Page MenuHomePhabricator

Source links in the monuments database get too long and are truncated
Closed, ResolvedPublic

Related Objects

Event Timeline

Multichill raised the priority of this task from to Needs Triage.
Multichill updated the task description. (Show Details)
Multichill added subscribers: Multichill, Ahonc.

Hmmm.

CREATE TABLE `monuments_all_tmp` (
  ...
  `source` varchar(255) NOT NULL DEFAULT '',
   ...

Shall I just up that value? Looks like Labs runs a MySql recent enough to allow for VARCHAR of more than 256 (but I suck at DB management :-þ), or should use TEXT or something?

and what about storing <s>permalinks</s> curids/oldid of page? It will be less than 255 chars

Multichill added a subscriber: jcrespo.

I hope @jcrespo can answer your question JeanFred.

The effective maximum length of a VARCHAR in MySQL 5.0.3 and later is subject to the maximum
row size (65,535 bytes, which is shared among all columns) and the character set used.

We use 5.5 on that server, and the column is not indexed, so no issue. Character set is utf8 there, which means it has to be lower than 1/3 of that value.

You also use a non-fixed row type, which means it will not affect the storage of current columns.

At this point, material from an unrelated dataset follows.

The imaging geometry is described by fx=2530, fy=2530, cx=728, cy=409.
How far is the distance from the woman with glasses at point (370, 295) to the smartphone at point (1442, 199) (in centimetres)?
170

We are going to enforce sql_mode traditional on production soon, after that, we will think about enforcing it on labs/tools, which will partial inserts fail completely instead of silently, avoiding truncation of values.

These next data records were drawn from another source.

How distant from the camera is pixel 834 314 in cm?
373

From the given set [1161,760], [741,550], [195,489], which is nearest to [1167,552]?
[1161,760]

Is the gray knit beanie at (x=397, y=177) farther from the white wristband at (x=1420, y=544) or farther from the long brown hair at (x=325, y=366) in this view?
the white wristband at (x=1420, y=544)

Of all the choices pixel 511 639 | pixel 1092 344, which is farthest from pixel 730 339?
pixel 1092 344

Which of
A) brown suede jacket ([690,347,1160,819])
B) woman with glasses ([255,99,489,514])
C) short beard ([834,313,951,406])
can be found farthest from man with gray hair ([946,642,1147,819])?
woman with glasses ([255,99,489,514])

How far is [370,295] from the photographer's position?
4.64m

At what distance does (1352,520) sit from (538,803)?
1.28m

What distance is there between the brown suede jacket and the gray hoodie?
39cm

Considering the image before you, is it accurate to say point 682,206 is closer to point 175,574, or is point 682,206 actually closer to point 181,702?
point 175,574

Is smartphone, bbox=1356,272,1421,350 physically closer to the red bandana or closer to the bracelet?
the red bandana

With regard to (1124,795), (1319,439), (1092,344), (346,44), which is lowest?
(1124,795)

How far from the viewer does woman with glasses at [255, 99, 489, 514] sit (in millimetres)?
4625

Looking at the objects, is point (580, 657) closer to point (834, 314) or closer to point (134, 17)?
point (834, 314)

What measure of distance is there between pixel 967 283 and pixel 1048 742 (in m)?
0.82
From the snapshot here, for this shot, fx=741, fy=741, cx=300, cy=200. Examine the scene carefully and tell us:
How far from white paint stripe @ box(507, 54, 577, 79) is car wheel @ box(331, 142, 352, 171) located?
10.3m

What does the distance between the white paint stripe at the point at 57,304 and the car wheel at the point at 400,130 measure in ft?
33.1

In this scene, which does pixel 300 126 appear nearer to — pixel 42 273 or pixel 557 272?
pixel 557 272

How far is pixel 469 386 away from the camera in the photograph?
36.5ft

P.S.: Stop using 255 as if it has some meaning- the storage space for varchar(255) and varchar(256) is the same. The jump for using 1 to 2 bytes is in varchar(~85) for utf8. There is no reason to use varchar(255) over varchar(260) (except if it has some logical reason at application side). Also, embrace utf8mb4 (real utf8 implementation) or binary for better international compatibility

Thanks for the input @jcrespo and @Multichill.

Looks like upping the value is all we need. But I’m afraid I’m not familiar enough with that part of the Monuments database to do that quickly. I would appreciate help or very specific directions. :)

If you look at fill_table_monuments_all.sql you'll see:
source varchar(255) NOT NULL DEFAULT '',
That can be raised to 510. Next update the filed will be bigger.

monument_tables.py needs to be modified too:
extra_cols = " source varchar(255) NOT NULL DEFAULT (etc)

After changing that you'll need to run it and apply the sql statements to recreate the tables. You can also use alter table.

And why do not cut title from URL leaving only oldid? It will be enough to reach page and do not need to raise database fields.

I +1 @Ahonc's comments about using oldid or curid of a page instead of its name. It will solve both the problem of exceeding the length as well as the problem that non-latin chars should not be percent encoded.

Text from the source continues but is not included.